Fetch Instagram profiles photos without API and without __a=1 parameter
Until now, scraping posts from an Instagram account was very easy: the only thing to do was add a __a=1
as a query string and you have the JSON ready to be read. Now it won't work anymore: this little RegExp will save you time.
In the most recent days, the Instagram team decided (probably after Cambridge Analytica?) to restrict their APIs, so the parameter is not more available, returning a 403 Forbidden
error.
So, what to do now? Should I create an app on Instagram? Access tokens? OAuth?
Nothing like that. The JSON of Instagram is always in the public profile of users, so we just need to get it with a simple RegExp.
Note: this works, of course, only for public profiles.

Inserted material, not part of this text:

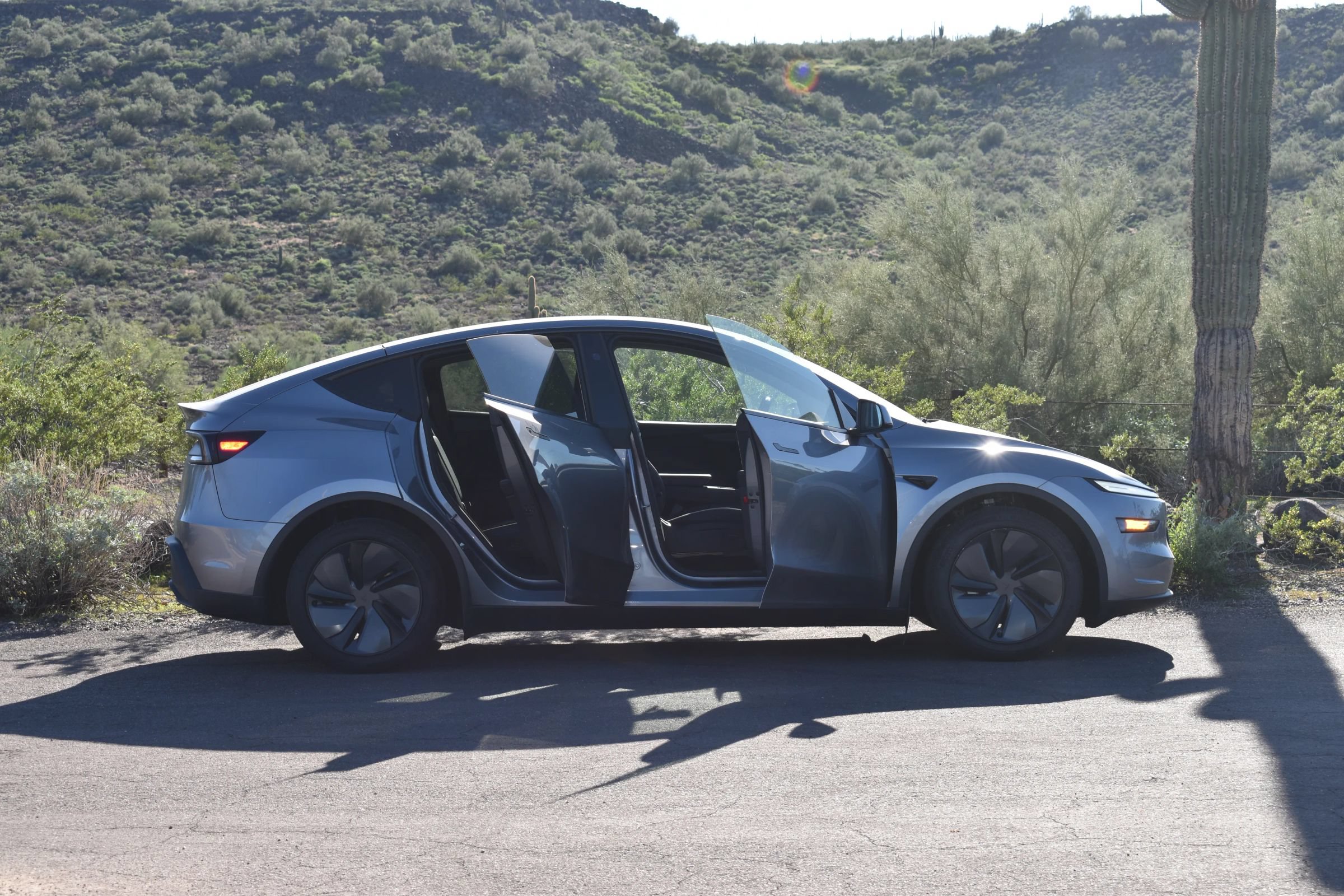 Used 2026 Tesla Model Y Long Range RWD image 7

In the source of a profile, we can find the window._sharedData
variable which is a big object with a lot of links; those links are posts. The HTML is this:
<script type="text/javascript">window._sharedData = { ... };</script>
With a simple RegExp, we will be able to fetch its content and convert it into a readable object from our code.
Code
In this case, we'll use Axios as the HTTP library and Node.js as language (JavaScript) with async/await feature.
async function instagramPhotos() {
const userInfoSource = await Axios.get('https://www.instagram.com/theraloss/');
}
Now that we have the source, we need to write the RegExp. Since window._sharedData
is an object, we can then read it with JSON.parse
function.
async function instagramPhotos() {
const userInfoSource = await Axios.get('https://www.instagram.com/theraloss/');
// userInfoSource.data contains the HTML from Axios
const jsonObject = userInfoSource.data.match(/<script type="text\/javascript">window\._sharedData = (.*)<\/script>/)[1].slice(0, -1)
}
Here we do three things:
We use
Foo
as RegExp to get all the JSON;We retrieve the 2° item (
[1]
) of the returned matches from.match()
JS function, since the 1° is the whole contains also our "delimitator";We delete the last character of our object because, on the source page, it ends with
;
and, of course, it won't be a valid JSON.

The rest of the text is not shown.